I guess all the way back to China? I buy mine from vinh so no warranty, but he always sorts it out, I would assume he would notice any issue before sending it out though.

Can't wait!

Yhea its a shame about nitecore tbh one day Ill give them a go.


----------



## bearbreeder (Oct 8, 2014)

CyclingSalmon14 said:


> What's up with yours?
> 
> I guess all the way back to China? I buy mine from vinh so no warranty, but he always sorts it out, I would assume he would notice any issue before sending it out though.
> 
> ...



http://www.candlepowerforums.com/vb/showthread.php?391005-Flickering-PWM-in-new-Fenix-HL55


----------



## CyclingSalmon14 (Oct 9, 2014)

Thanks, very unusual as fenix are regarded quality lights is understand a one off but it seems every HL55 is affected...

I will post more on that thread.

Good luck to those with switch issues on the HC90 hope nitecore come thorough for you guys soon!


----------



## Fumer Tue (Oct 20, 2014)

Why not just ask for a replacement. u can talk to them on facebook. 
i saw someone mentioned that he got his problem fixed quite effectively.


----------



## Fumer Tue (Oct 20, 2014)

Did they reply?


----------



## bearbreeder (Oct 20, 2014)

Fumer Tue said:


> Why not just ask for a replacement. u can talk to them on facebook.
> i saw someone mentioned that he got his problem fixed quite effectively.

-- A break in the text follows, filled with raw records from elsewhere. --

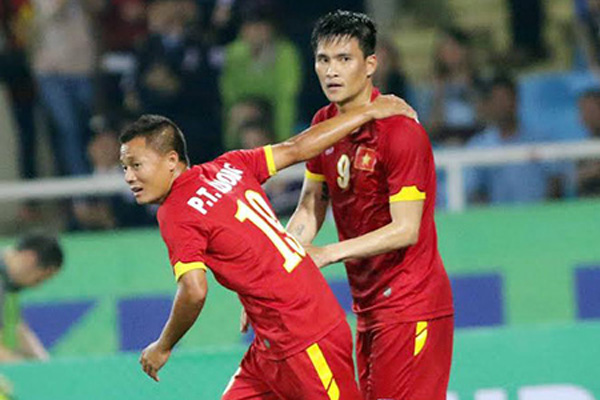 Công Vinh, Thành Lương được AFF vinh danh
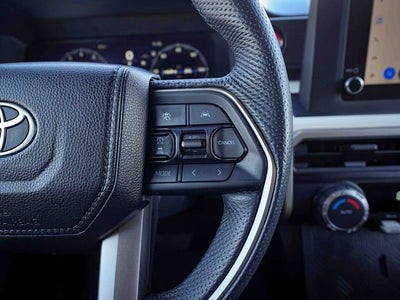 2024 Toyota Tacoma 4WD SR5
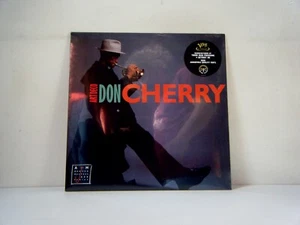 DON CHERRY LP Art Déco 1989 A+M UMe RE 180 grammes vinyle SCELLÉ ! - Photo 1/2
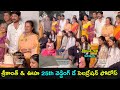 Hero Srikanth and Ooha 25th wedding anniversary celebration photos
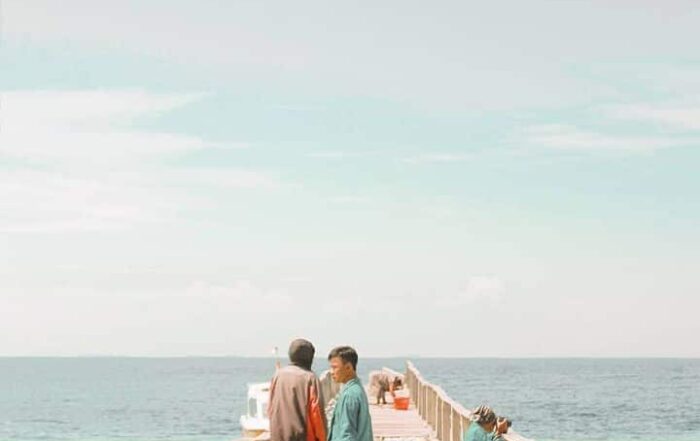 Gugusan Kepulauan Spermonde Pangkep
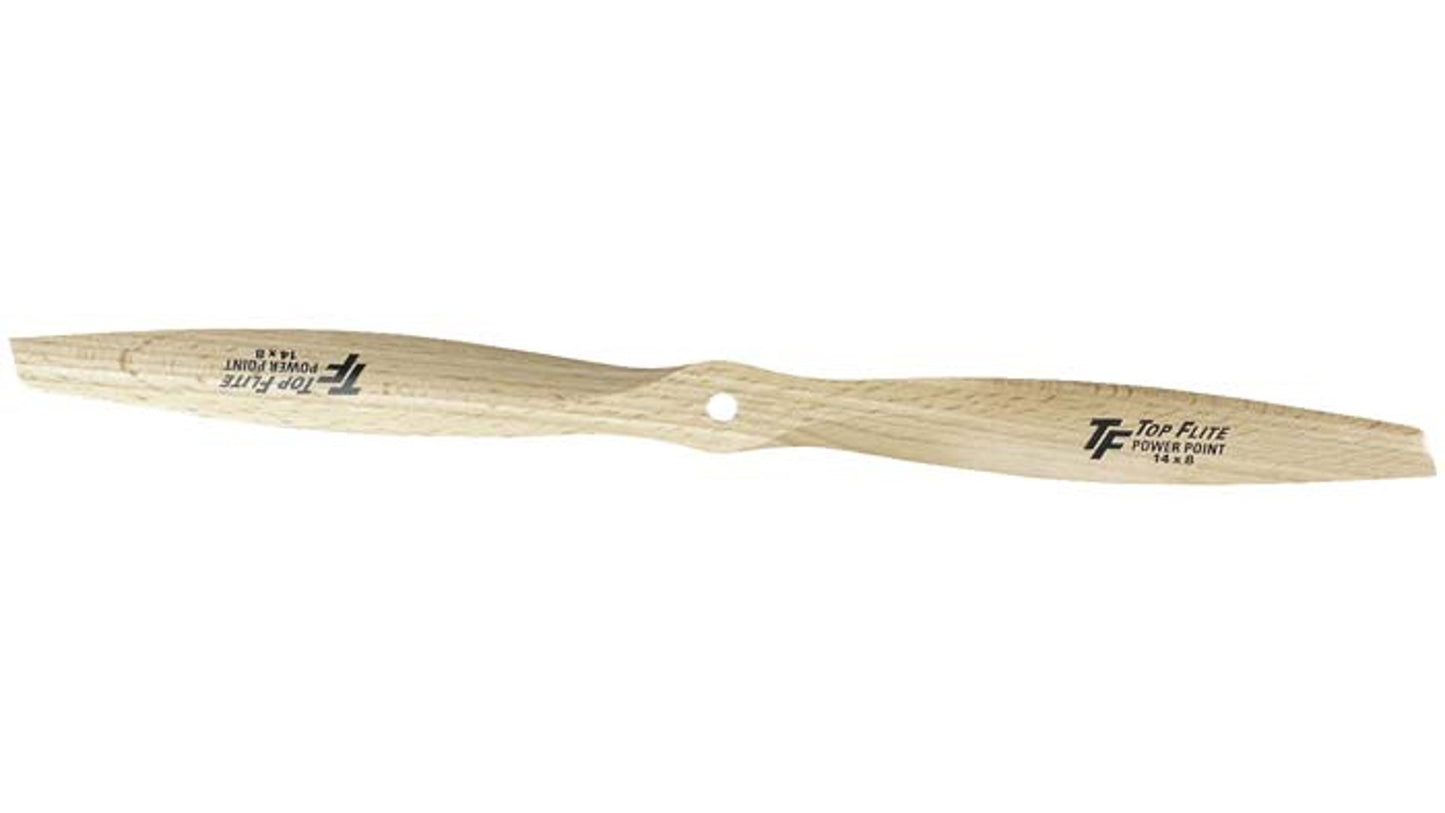 Top Flite 5171 14x8 Power Point Propeller
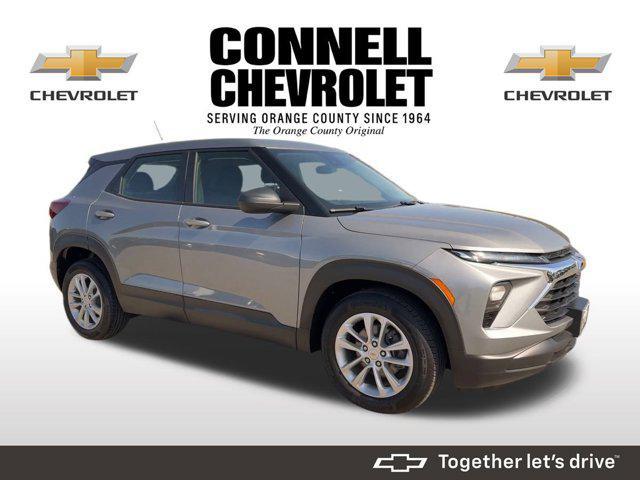 new 2024 Chevrolet TrailBlazer car, priced at $22,488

i talked with the distributer and there was no guarantee that the new one sent would not have that problem

i sent it back through amazon for a refund ... 

as to "fixing", well youll need to ship it to china ...


----------



## ib134866 (Nov 10, 2014)

bearbreeder said:


> Has anyone else experienced this issue
> 
> the switch when moved from right to left from the red to green light position wont trigger the green light sometimes
> 
> ...




I am having a similar issue except with the turbo mode. The turbo mode will not come on unless a external magnet is introduced. The technology that nitecore uses on these products is to use a magnetic proximity switch to enable the different modes. I suspect that there is an alignment issue with the internal proximity switch. I have contacted my retailer to determine my options.


----------



## bearbreeder (Nov 15, 2014)

Thats very interesting that yr turbo mode wont turn on without a magnet

on the flip side i wonder if the switch can become demagnetized if its in proximity with magnets or other such things

ultimately i think that nitecore bit off a bit more than it can chew with this switch

if yr going to make a light with fancy tech, your quality control better be top notch


----------



## CampingMaster (Nov 22, 2014)

I received mine four days ago from DX...

Worked OK for 45 minutes and the sliding switch failed -> I have no control on the headlamp, always at Maximum sliding the yellow plastic switch from left to right.


----------



## SomeGuy102 (Nov 27, 2014)

I had this problem and figured out a solution. Have no idea why this works but it does... I first tried it with an eagle tac battery and had the same issue. Then I tried it with an Olight 18650 battery and it worked perfectly. Can't think why the battery would make a difference but it did in mine. Hope it works for you too. 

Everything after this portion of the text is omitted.